| TASK DETAILS |
Since the pictures are not wanted, retype the listing below exactly and without them.

| STORED DATA |
• • • • •

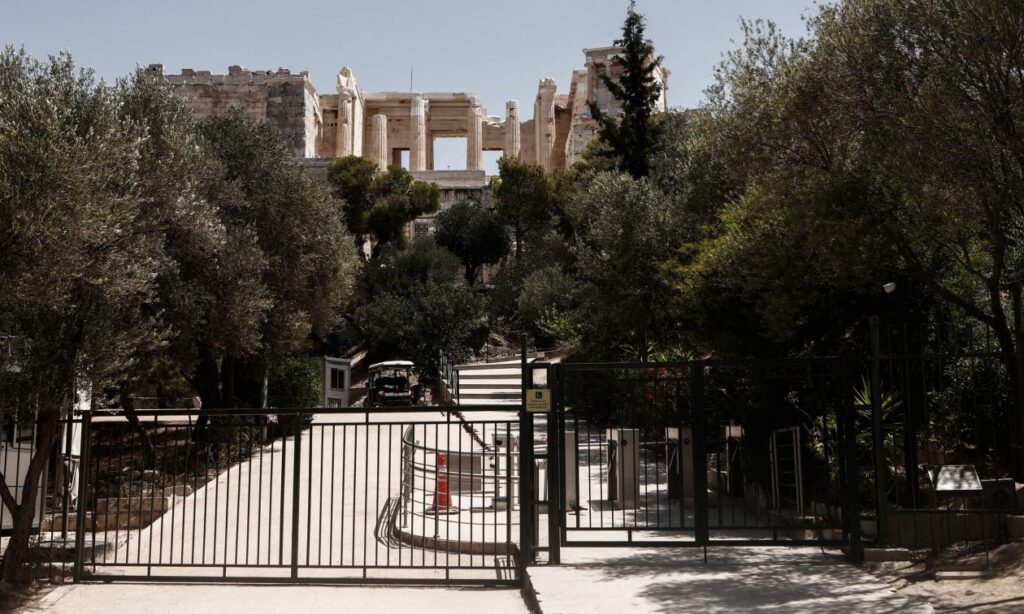 Αλλάζουν λόγω καύσωνα τα ωράρια των αρχαιολογικών χώρων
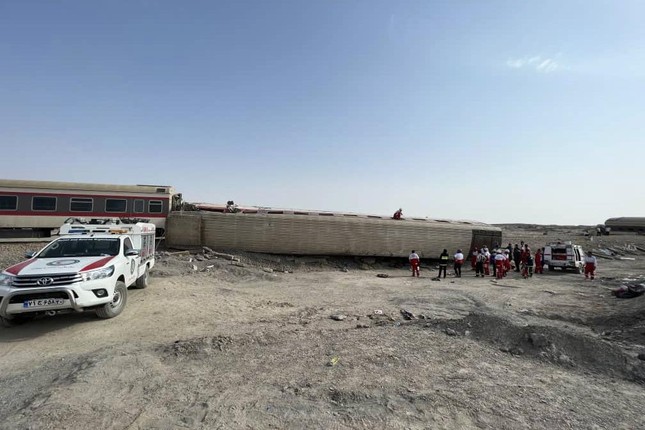 Iran: Tàu hỏa đâm trúng máy xúc, hơn 100 người thương vong ảnh 1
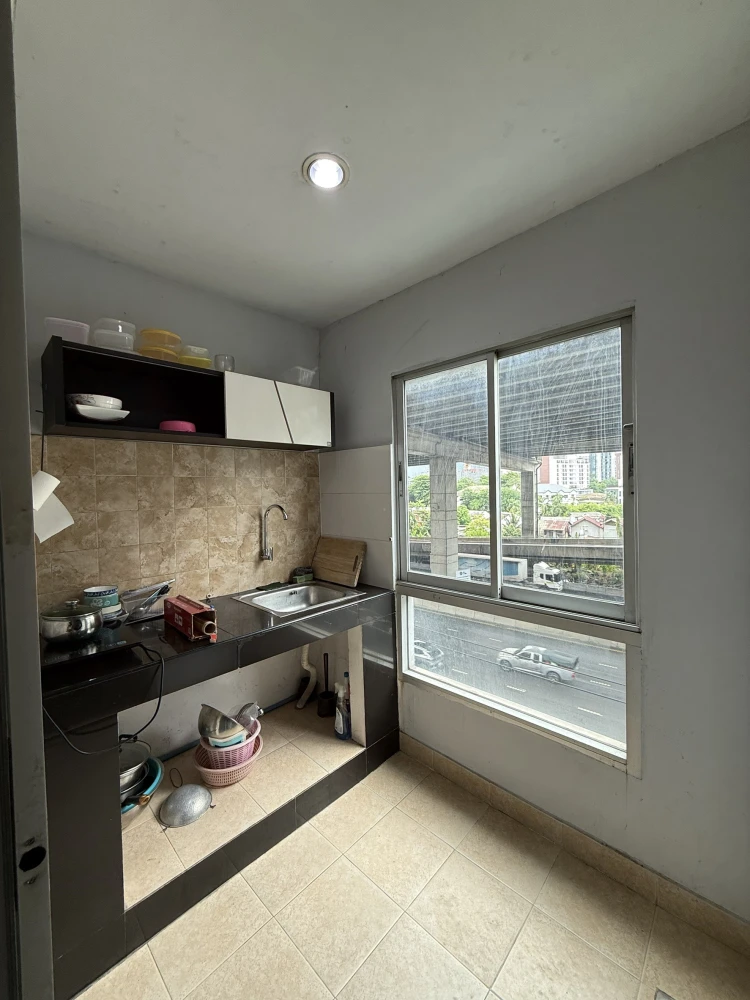Condo Regent Home 7 Sukhumvit Urgent !! Corner room, beautiful view, fully furnished, ready to move in, book now !!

• • • • •

| ANSWER TO THIS PROBLEM |
 Αλλάζουν λόγω καύσωνα τα ωράρια των αρχαιολογικών χώρων
 Iran: Tàu hỏa đâm trúng máy xúc, hơn 100 người thương vong ảnh 1
Condo Regent Home 7 Sukhumvit Urgent !! Corner room, beautiful view, fully furnished, ready to move in, book now !!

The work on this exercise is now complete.